Queijo coalho é o principal item vendido, mas há ainda queijo manteiga, curado e quitutes
Legenda: Queijo coalho é o principal item vendido, mas há ainda queijo manteiga, curado e quitutes
Foto: Fabiane de Paula

Com pouco mais de uma década em atividade, os frequentadores assíduos aos fins de semana começaram a insistir que Raimundo vendesse, juntos aos queijos e doces, uma cervejinha para animar o domingo. Assim, aos poucos, a loja se transformou também em bar e espaço cultural – apesar do foco permanecer na venda de laticínios, doces e outras delícias regionais.

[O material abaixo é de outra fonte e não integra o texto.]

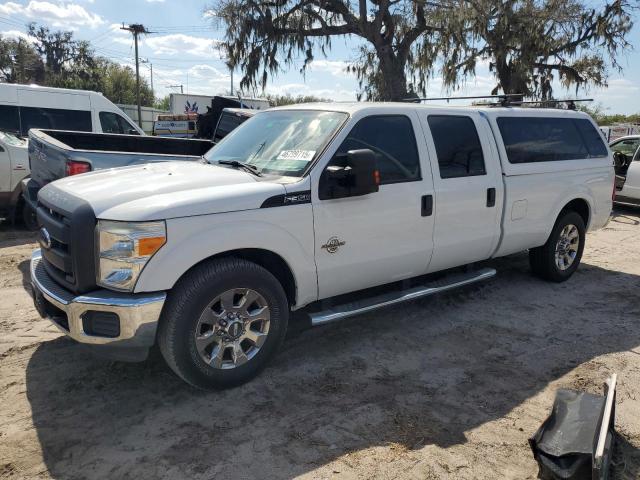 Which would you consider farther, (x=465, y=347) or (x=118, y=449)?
(x=465, y=347)

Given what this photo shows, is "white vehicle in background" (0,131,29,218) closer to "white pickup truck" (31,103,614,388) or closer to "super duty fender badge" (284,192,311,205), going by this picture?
→ "white pickup truck" (31,103,614,388)

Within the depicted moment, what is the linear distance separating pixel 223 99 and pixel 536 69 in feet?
40.9

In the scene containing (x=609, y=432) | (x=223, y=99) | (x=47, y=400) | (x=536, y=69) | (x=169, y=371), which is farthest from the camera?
(x=536, y=69)

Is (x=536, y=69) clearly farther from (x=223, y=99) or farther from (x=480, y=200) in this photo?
(x=480, y=200)

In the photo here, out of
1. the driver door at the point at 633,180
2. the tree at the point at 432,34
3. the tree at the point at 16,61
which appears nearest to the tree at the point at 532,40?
the tree at the point at 432,34

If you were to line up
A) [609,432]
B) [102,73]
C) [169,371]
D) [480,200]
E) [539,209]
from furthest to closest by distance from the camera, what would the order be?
[102,73], [539,209], [480,200], [169,371], [609,432]

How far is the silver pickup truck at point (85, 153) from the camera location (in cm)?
561

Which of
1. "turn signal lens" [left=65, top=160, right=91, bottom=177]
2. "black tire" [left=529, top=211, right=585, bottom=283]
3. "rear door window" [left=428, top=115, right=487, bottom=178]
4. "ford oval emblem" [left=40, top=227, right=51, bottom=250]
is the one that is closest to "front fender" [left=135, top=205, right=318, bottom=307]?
"ford oval emblem" [left=40, top=227, right=51, bottom=250]

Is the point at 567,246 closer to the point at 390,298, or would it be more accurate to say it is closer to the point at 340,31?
the point at 390,298

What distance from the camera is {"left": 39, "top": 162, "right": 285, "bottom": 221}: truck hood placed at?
3.15 metres

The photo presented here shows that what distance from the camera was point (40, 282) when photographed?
3580mm

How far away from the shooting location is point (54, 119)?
11453 mm

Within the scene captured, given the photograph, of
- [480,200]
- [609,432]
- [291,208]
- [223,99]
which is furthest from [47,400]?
[223,99]

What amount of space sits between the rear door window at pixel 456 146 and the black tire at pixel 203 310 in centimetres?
194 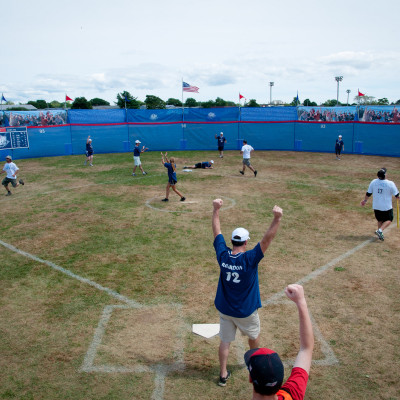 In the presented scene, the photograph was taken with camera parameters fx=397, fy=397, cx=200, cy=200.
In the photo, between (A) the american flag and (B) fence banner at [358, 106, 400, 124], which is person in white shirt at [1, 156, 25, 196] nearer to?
(A) the american flag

“Um bocado de amigo vinha pra cá dia de domingo e mandava comprar bebida. Eu ficava só até meio-dia, eles mandavam comprar bebida e ficavam bebendo aqui. Depois, o pessoal da Vila Romero, aqui próximo, vinha pra cá e falava ‘Raimundo, compra uma geladeira’”, lembra. Para atender os clientes e amigos, quebrou o balcão de cimento onde atendia a clientela e o substituiu por geladeiras com bebidas.

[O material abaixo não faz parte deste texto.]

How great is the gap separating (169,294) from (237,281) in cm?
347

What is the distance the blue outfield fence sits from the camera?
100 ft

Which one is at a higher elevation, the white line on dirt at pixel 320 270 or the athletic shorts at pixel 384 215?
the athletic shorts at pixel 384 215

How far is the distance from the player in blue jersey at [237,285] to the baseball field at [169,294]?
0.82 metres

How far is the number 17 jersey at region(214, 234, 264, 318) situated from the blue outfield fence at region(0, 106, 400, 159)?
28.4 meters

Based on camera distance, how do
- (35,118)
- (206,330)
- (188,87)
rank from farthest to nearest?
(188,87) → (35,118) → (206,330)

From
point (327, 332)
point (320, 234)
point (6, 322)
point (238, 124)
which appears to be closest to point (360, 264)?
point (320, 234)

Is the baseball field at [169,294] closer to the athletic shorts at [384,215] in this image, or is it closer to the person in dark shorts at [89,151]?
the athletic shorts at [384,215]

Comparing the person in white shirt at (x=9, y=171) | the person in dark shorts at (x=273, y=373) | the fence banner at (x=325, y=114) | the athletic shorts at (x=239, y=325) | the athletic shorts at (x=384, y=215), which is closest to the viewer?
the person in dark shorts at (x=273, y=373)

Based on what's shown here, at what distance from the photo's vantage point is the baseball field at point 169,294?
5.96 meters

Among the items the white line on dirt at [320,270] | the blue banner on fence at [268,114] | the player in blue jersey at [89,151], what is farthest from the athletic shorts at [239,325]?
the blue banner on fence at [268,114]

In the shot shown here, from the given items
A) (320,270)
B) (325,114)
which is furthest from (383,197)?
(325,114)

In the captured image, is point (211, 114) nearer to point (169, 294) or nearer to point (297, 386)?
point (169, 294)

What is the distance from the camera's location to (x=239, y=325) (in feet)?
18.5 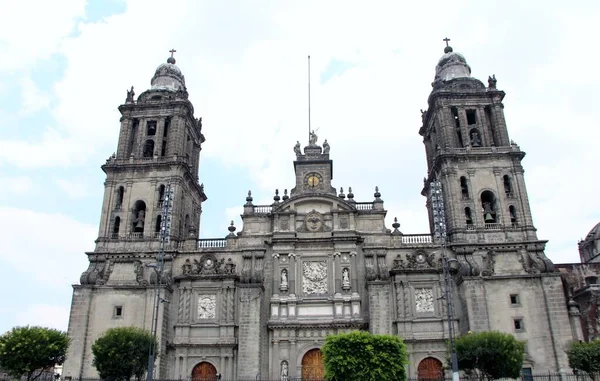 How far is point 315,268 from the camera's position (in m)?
36.2

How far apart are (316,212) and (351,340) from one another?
41.6ft

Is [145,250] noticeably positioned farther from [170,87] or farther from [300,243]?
[170,87]

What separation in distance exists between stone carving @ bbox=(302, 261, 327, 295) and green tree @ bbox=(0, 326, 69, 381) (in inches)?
618

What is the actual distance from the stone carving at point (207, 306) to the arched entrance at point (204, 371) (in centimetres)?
306

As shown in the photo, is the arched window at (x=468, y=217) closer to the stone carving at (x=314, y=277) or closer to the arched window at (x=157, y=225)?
the stone carving at (x=314, y=277)

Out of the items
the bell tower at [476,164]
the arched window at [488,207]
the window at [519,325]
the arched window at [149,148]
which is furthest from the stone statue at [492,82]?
the arched window at [149,148]

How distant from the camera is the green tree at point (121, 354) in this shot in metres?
27.7

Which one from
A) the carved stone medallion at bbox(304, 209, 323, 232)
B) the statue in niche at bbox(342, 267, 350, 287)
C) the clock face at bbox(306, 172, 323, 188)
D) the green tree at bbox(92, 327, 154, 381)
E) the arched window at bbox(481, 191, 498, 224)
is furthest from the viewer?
the clock face at bbox(306, 172, 323, 188)

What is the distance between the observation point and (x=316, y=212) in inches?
1476

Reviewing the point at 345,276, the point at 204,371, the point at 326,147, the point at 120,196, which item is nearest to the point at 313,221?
the point at 345,276

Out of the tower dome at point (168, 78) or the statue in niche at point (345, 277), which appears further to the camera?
the tower dome at point (168, 78)

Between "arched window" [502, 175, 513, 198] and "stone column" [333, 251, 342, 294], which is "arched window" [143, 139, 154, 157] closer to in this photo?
"stone column" [333, 251, 342, 294]

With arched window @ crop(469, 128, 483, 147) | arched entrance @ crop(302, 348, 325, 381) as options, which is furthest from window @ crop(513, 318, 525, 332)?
arched window @ crop(469, 128, 483, 147)

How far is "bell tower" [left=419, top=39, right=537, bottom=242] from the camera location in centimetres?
3653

O incremento no cardápio pedia um ambiente animado. Por isso, aos domingos, dia oficial de festa no Raimundo do Queijo, o espaço passou a receber atrações musicais de diferentes gêneros, movimentando o Centro e se tornando importante ponto de lazer na Cidade. 

Espaço já recebeu diversos artistas cearenses
Legenda: Espaço já recebeu diversos artistas cearenses
Foto: Fabiane de Paula

“Todo domingo tem uma coisa diferente: é samba, é forró, é tudo. Aqui já veio muita gente tocar”, comenta Raimundo, orgulhoso. Essa parte fica a cargo da família, já que o empreendedor “não entende” dos processos de contratação. “Eles que conseguem as atrações pra mim”, ri.

Devido ao viés multicultural, em março de 2020, o Raimundo do Queijo foi reconhecido como Patrimônio Turístico de Fortaleza. Sem vaidade, Raimundo atribui esse e outros reconhecimentos públicos que recebeu ao longo dos anos – como o título de Cidadão de Fortaleza e homenagens na Assembleia Legislativa do Ceará (Alece) – ao trabalho cotidiano, feito com dedicação e baseado em produtos de qualidade. 

Reconhece, no entanto, que se tornou querido na comunidade, o que fez a diferença nos negócios e na sua imagem pública. “Arranjei boas amizades. Aqui, dia de domingo tem dez mesas pra cá e seis pra lá, e a gente faz a festa. Tem música, tem tudo”, celebra.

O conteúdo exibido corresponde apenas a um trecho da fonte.